Стоя по середине центрального круга, я посмотрел на маму и папу. Я показал налево и направо, как бы спрашивая: «Куда?»

О чем, черт возьми, я думал?

Поразмыслив, я понял, что вообще ни о чем не думал. Я боялся и полушутил с ними, пытаясь успокоить собственные нервы.

Моя мать, более тревожная, не могла с этим справиться. Она закрыла лицо руками — полагаю, чтобы как-то разрядить обстановку. Папа, всегда неумолимый, просто смотрел вперед.

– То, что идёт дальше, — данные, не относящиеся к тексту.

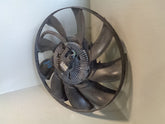 Range Rover Sport Viscous Fan and Coupling AH32-8C617-AD 3.0 TDV6 L320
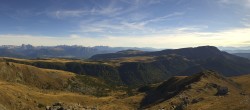 Archiv Foto Webcam Reinswald: Bergpanorama 15:00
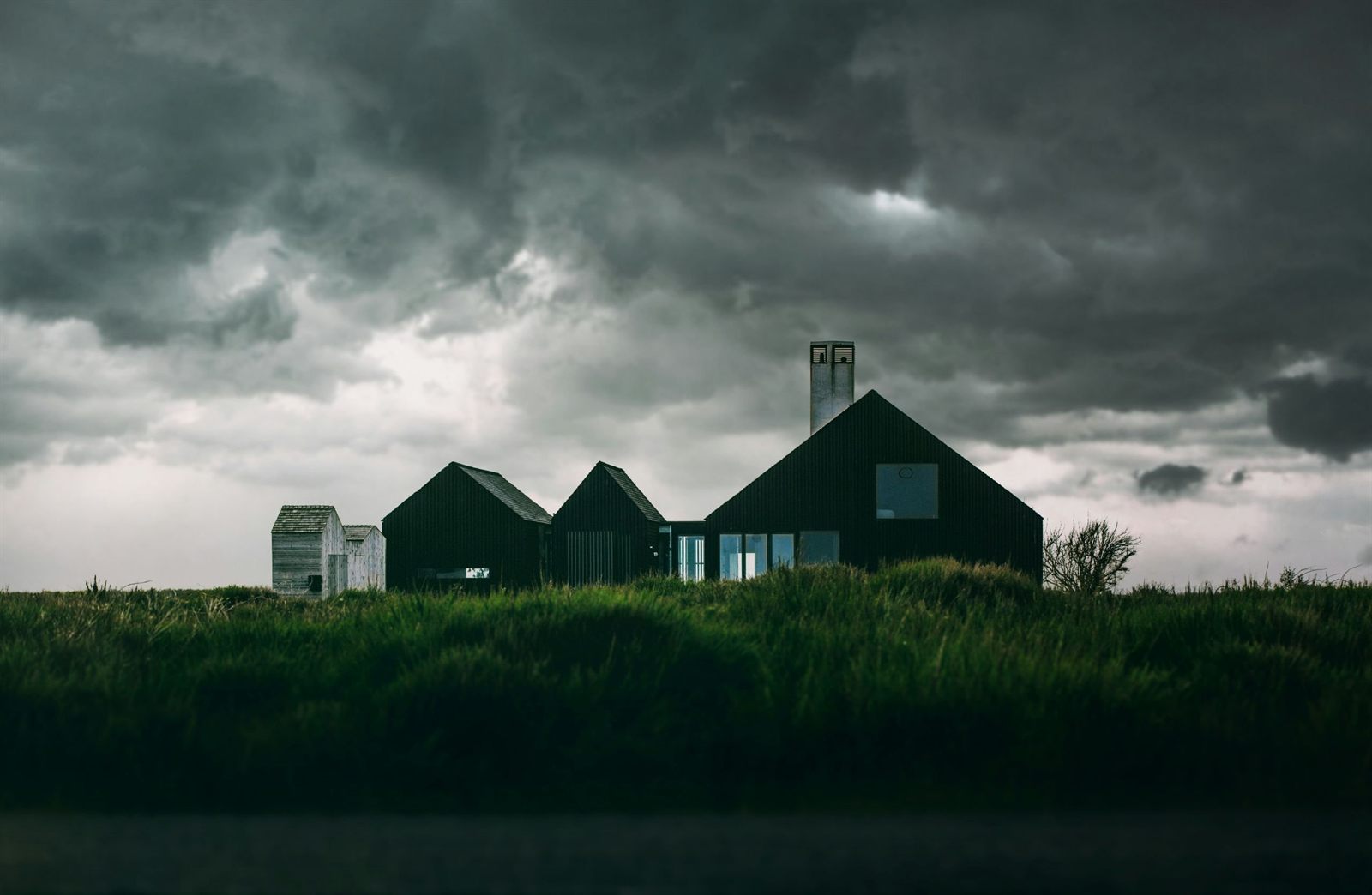 Passive House Design: The Ultimate Guide to Ultra-Efficient Sustainable Architecture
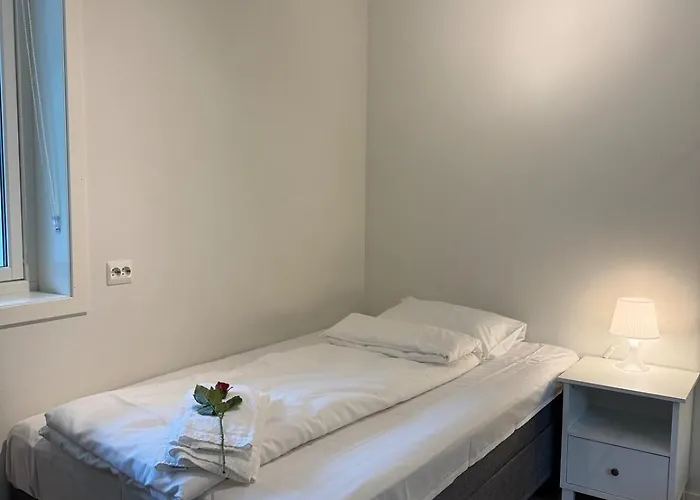 Panorama View Apartment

Когда я шел к мячу, меня не меньше раздирали противоречия. В моей голове пронесся тот факт, что, несмотря на все наши предыдущие пенальти, вратарь угадывал правильные направления ударов. В краткий миг паранойи я начинаю думать: может, он что-то заметил на разминке?

Вооруженный этим подозрением, я принял решение только тогда, когда стоял у мяча. Я решил, что собираюсь открыть свое тело при разбеге, насколько это возможно, как бы преувеличивая, что буду бить направо. Затем, в последнюю секунду, я решил пробить влево — в другой угол.

Это звучит просто, но тебе все равно нужно еще это исполнить.

К счастью, в такой ситуации у тебя остается очень мало времени, чтобы подумать, промахнулся ты или нет. Ну и хорошо, правда. Мяч влетел в верхний угол ворот, ударившись по дороге о штангу. Голкипер нырнул не в ту сторону, но можно было бы поставить на ворота пятерых вратарей, и они не затащили бы этот удар.

Неужели я действительно хотел пустить его так высоко? Вообще нет — я целился где-то на среднюю высоту, в определенную область — просто чтобы сбить вратаря с толку. Это мне сошло с рук.

А когда мяч вошел в сетку, радости не было — только крайнее облегчение. Как ни стыдно это признавать, но это очень эгоистичное состояние ума, в которое ты впадаешь в тот момент... Слава Богу, это был не я…

Может быть, это из-за моего возраста и незрелости в то время, или, может быть, я чувствовал бы то же самое, если бы мне было тридцать пять — этого я никогда не узнаю. Я просто чувствовал, что промах разрушил бы мою жизнь. И уж конечно, я не хотел быть тем, из-за которого мы преждевременно вернулись бы в раздевалку.

К несчастью для Дэвид Бэтти и Пола Инса, именно они испытали сердечную боль. И мы покинули Чемпионат мира 1998 года с чувством, что да, мы проиграли, но что мы держались против одной из лучших команд турнира — даже вдесятером.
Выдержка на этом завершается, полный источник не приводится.